> **What to work on**:
Copy the data below exactly. Any pictures in it should be omitted.

> **Collected data**:
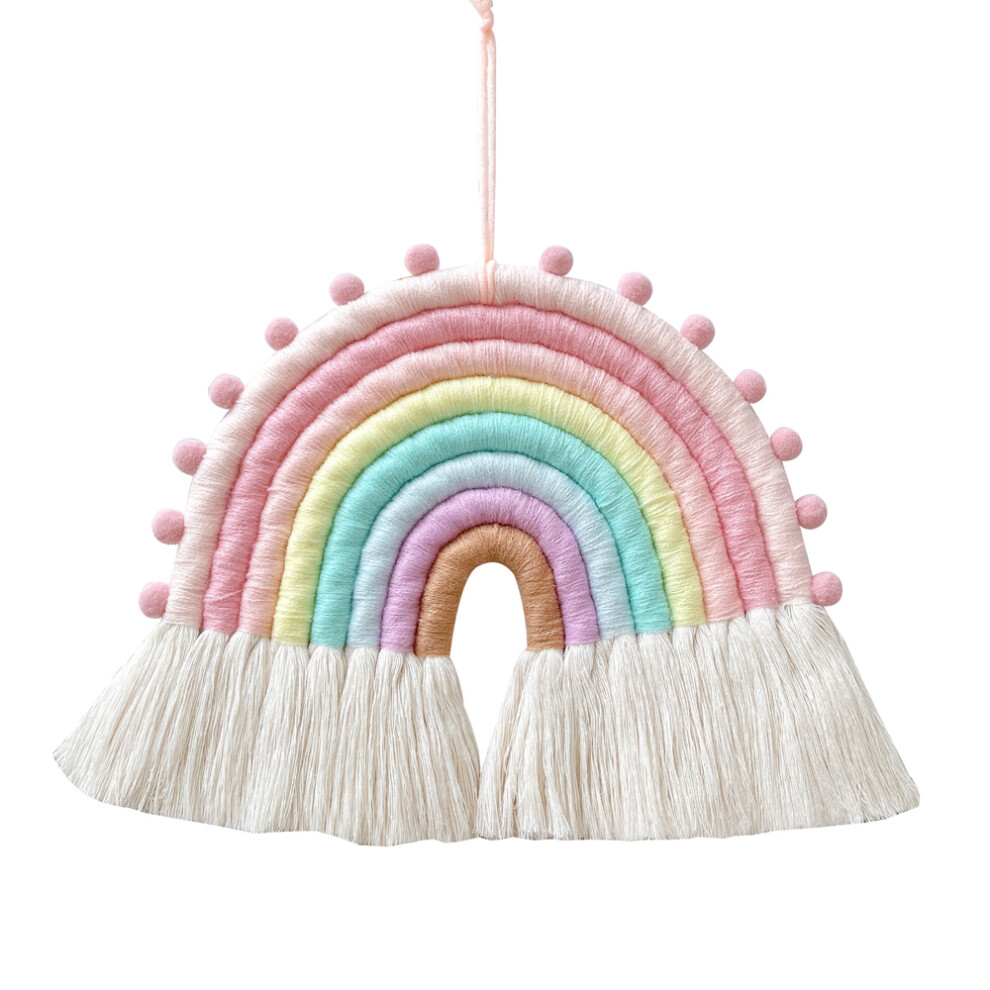 Rainbow Wall Hanging, Boho Decor for Birthday Gifts, Quality Handmade Macrame with Essential Oil Diffuser Option, Vibrant Tassels for Any Space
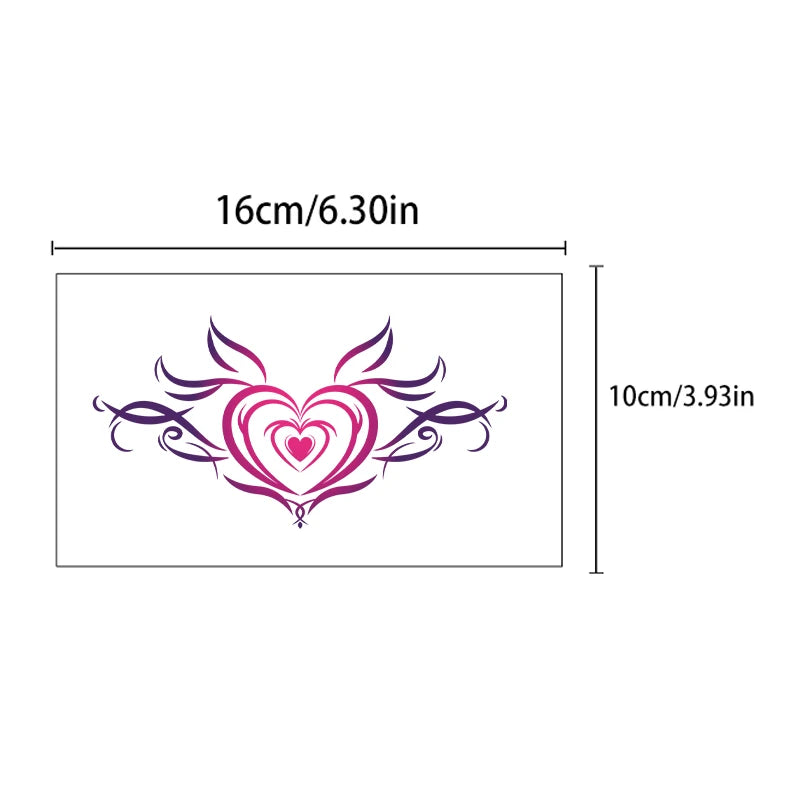 Charm chest, female lower abdomen, sexy temporary sticker, colored luminous waterproof and sweat proof charm tattoo sticker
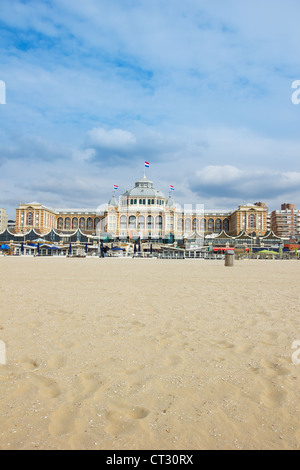 Kurhaus und Strand in Scheveningen, den Haag, Holland Stockfoto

> **Reply**:
 Rainbow Wall Hanging, Boho Decor for Birthday Gifts, Quality Handmade Macrame with Essential Oil Diffuser Option, Vibrant Tassels for Any Space
 Charm chest, female lower abdomen, sexy temporary sticker, colored luminous waterproof and sweat proof charm tattoo sticker
 Kurhaus und Strand in Scheveningen, den Haag, Holland Stockfoto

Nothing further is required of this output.